I think that every Database Administrator needs to read the article “Opinion: No more excuses for SQL injection attacks” and send it out to every application developer they know. I hate SPAM as much as the next guy but I think it is justified in this case. I am dead serious.
We, the database people of all walks of life (DB2, Oracle, SQL Server …), have been talking about the benefits of using parameters in the queries instead of literal values for years. The main message has been “performance”. Most DBMS will perform much better and will use less server resources processing queries that have parameters instead of queries that have literal values in them instead. The reason is very simple. Good DBMS will compile an SQL statement once and will cache it so that the next time it sees the same statement it would not have to waste time and resources compiling/preparing the same statement and would pull query execution plan from the cache. The problem is that when SQL statements use literal values instead of parameters matching incoming statements to what is already in the statement cache becomes a much more difficult task for the database to do well. Consider this simple SQL that uses literal value for my last name:
select * from EMPLOYEE where LASTNAME='Katsnelson'
Once the database sees this SQL statement it will compile it and save it in the statement cache (EDM Pool for those of you on DB2 for z/OS). Let’s say a query for another employee comes along:
select * from EMPLOYEE where LASTNAME='Ahuja'
Because the queries don’t look exactly the same, the cache matching algorithm will have a very hard time understanding that this is exactly the same query and most DBMS will compile it again and will store it in the statement cache as well. So, you get a double hit of bad news:
- your server will keep compiling the same statement over and over again, and
- you keep wasting precious memory to hold more and more copies of the same statement in the cache
I said “most DBMS” because DB2 9.7 and DB2 Connect 9.7 (makes this feature available for DB2 for z/OS and DB2 for i5/OS) have a new feature called Statement Concentrator. The name does not really explain what this feature does so I will try to clarify. Basically, Statement Concentrator will intercept and change the statement text to match similar statement that is already in the cache.

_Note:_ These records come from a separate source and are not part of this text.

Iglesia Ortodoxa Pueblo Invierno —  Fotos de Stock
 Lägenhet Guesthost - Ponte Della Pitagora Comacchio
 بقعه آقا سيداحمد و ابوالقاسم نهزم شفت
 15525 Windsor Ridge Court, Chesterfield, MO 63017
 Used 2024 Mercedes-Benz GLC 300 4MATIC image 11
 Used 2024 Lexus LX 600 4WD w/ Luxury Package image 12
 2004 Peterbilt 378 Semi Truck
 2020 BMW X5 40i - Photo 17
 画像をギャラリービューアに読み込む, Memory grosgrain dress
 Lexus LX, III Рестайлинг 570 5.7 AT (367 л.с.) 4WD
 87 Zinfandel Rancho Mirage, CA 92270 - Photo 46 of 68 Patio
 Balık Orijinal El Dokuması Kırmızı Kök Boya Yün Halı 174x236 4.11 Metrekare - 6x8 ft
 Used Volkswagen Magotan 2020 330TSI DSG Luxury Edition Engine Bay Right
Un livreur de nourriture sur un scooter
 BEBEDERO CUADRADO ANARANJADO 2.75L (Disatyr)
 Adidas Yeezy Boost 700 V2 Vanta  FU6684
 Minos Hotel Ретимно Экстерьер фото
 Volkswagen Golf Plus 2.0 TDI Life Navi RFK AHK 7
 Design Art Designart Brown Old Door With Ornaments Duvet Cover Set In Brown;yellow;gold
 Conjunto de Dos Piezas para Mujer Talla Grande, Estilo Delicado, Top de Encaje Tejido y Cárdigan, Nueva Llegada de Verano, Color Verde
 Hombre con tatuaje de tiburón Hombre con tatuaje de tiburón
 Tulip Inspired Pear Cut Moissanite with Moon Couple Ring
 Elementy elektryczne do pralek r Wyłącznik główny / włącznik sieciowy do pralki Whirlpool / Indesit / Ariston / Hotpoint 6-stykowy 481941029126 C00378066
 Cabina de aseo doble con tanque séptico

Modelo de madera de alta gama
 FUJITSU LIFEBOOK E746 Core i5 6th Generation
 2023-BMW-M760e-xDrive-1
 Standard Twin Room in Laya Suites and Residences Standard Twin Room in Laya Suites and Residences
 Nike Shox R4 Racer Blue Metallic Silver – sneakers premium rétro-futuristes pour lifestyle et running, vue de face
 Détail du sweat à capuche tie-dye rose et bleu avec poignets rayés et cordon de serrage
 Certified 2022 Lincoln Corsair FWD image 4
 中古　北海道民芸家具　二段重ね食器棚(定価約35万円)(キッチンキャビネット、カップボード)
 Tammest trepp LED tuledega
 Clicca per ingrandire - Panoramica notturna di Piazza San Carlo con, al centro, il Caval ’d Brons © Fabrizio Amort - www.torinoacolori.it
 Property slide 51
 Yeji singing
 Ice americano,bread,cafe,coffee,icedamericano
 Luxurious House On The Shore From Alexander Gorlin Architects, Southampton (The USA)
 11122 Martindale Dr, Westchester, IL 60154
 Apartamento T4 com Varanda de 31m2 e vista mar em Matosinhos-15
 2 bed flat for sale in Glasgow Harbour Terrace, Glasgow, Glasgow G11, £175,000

So, there is no reason for me to get hot under the collar about use of literal values in SQL? Not so fast. Statement Concentrator tries to do a good thing but it has some limitations and drawbacks. First of all, it is not enabled by default and either a DBA or a programmer has to enable it on either the client (recommended) or on the server. Once enabled, it will inspect all SQL that is coming across and this will have some overhead. This overhead is minimal and is well justified by the savings in statement compilation but it is there. Also, in its current (v9.7) form, it will only save 100000 literal values and anything above will go through and cause statement to be compiled again. (I stand corrected; this restriction was present in the beta but has since been lifted). Last but not least, if the statement contains any parameters, DB2 will not substitute any literals i.e. statements with both parameters and literals do not benefit from the Statement Concentrator. This is why I am not describing Statement Concentrator as the “new cool feature in DB2 9.7“. I think it still needs a bit of polish before I’d call it “new cool feature”.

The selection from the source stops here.